In questi ultimi anni, le sanzioni e il conseguente potere di acquisto dei salari pari a zero, hanno creato una situazione in cui molti compagni di
organizzazioni sociali e popolari devono fare vari lavori per vivere e si riduce il tempo che si può dedicare alla militanza, anche se poi, in questi
ultimi mesi, con l'escalation di guerra, vi è stata una rifioritura della partecipazione popolare accompagnata da una ovvia radicalizzazione anche nelle
file del governo.
In questo scritto si è parlato di Venezuela e di USA, in realtà, quanto sta avvenendo, non è uno scontro tra nazioni o tra gruppi di esse, come qualcuno
a queste latitudini vorrebbe far pensare. Si tratta di qualcosa che va oltre e coinvolge la regione dal punto di vista delle soggettività in lotta. Oltre
ad averlo ripetuto Chavez e Maduro varie volte, lo testimonia, tra gli altri, l'intervento del compagno colombiano Edgar Moreno (12) di qualche mese fa:
“Bisogna incentivare il lavoro binazionale nelle zone chiamate di frontiera, tra i popoli del Venezuela, della Colombia e del Brasile; inoltre bisogna
ricordare il successo che può portare la combinazione di tutte le forme di lotta, da usare nel momento e quando le circostanze lo richiedano. Come
F.a.r.c. (ndt Forze Armate Rivoluzionarie della Colombia) metteranno tutta la nostra esperienza di lotta a disposizione della difesa della Rivoluzione
Bolivariana.” Parole insieme a molte altre, che prefigurano una solidarietà con il Venezuela che si orienta a infiammare di lotta i territori circostanti
perché sono quelli in cui l'imperialismo staziona e da cui si proietta militarmente.
Note:
1) Federcamaras è la Confindustria venezuelana ed è uno dei covi del golpismo in Venezuela.

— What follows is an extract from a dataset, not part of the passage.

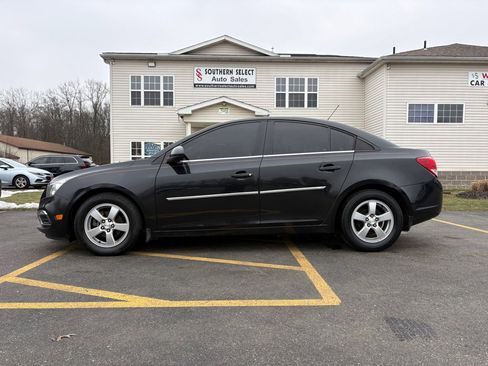 Used 2015 Chevrolet Cruze LT image 1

2) I media invece affermano che Chavez/Maduro nazionalizzano espropriando e non si rispetterebbe la proprietà privata, ma non è vero: ad esempio sono
state veramente poche le proprietà veramente nazionalizzate senza lauto indennizzo da parte dello stato, mentre qui sui giornali scrivevano che lo stato
avrebbe tolto i beni ai legittimi proprietari.
3) Marx-F. Engels, Manifesto del Partito comunista, prefazione all'edizione tedesca del 1872
4) La frase è del 15 di Settembre 2014 ed è di Robert Serra, giovane deputato socialista bolivariano che pochi giorni dopo verrà assassinato a Caracas a
casa sua da un commando di paramilitari colombiani.

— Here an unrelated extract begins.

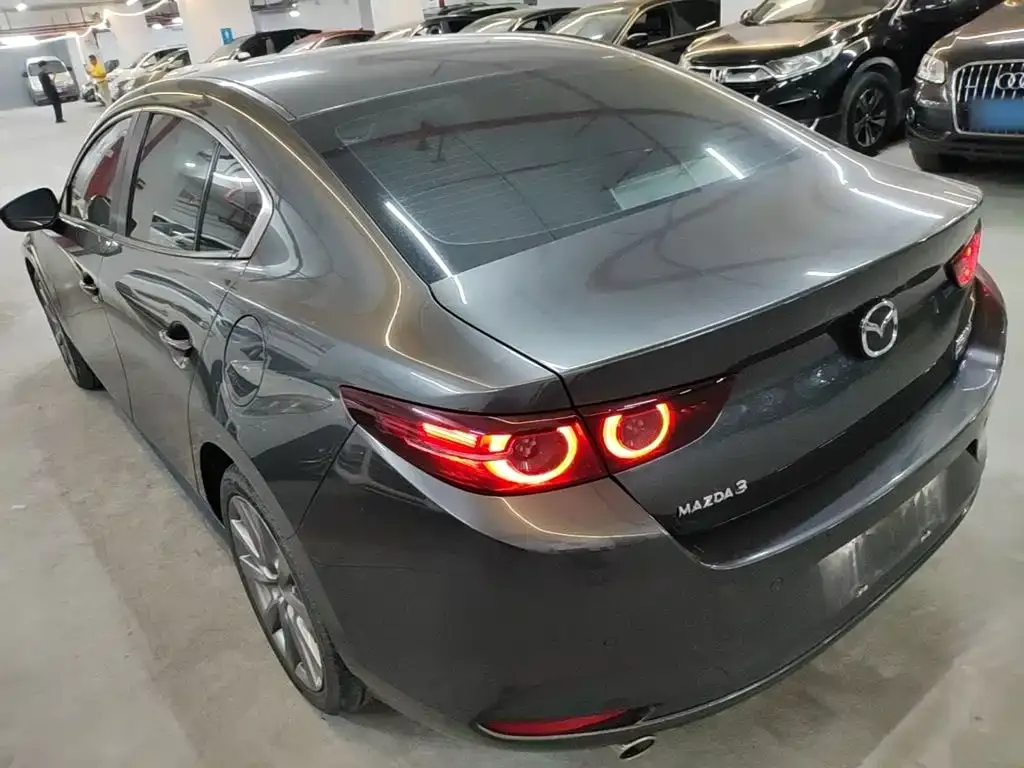 Mazda 3 Axela — фото 10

5) “Golpe de Timòn”, colpo di timone, virata, si trova in lingua spagnola sui principali siti web del governo bolivariano. E' la trascrizione di una
riunione, avvenuta in Ottobre 2012, in cui Chavez si rivolge ai suoi ministri solo qualche giorno dopo vittoria bolivariana alle presidenziali, in cui
però sono stati persi 6 punti percentuali rispetto alla tornata precedente.
6) “Golpe de Timòn” pagina 13.
7) “Golpe de Timòn” pagina 17.
8) “Golpe de Timòn” pagina 25
9) “Golpe de Timòn” pagina 18.
10) “Golpe de Timòn” pagina 27.
11) “13 Passi per uscire dal labirinto”, documento citato nella prima parte di questo scritto e intercettato dai servizi di intelligenza bolivariana che
contiene il piano di un colpo di stato contro Chavez, poi fallito, previsto per il 2007 e 2008. In questo documento gli Usa dicono che bisogna sfruttare
e generalizzare la corruzione nelle file del governo.
12) Compagno colombiano del partito (legale) delle Farc intervenuto all' Asamblea Internacional de los Pueblos in solidaridad con Venezuela svoltasi sul
finire del Febbraio del 2019 a Caracas.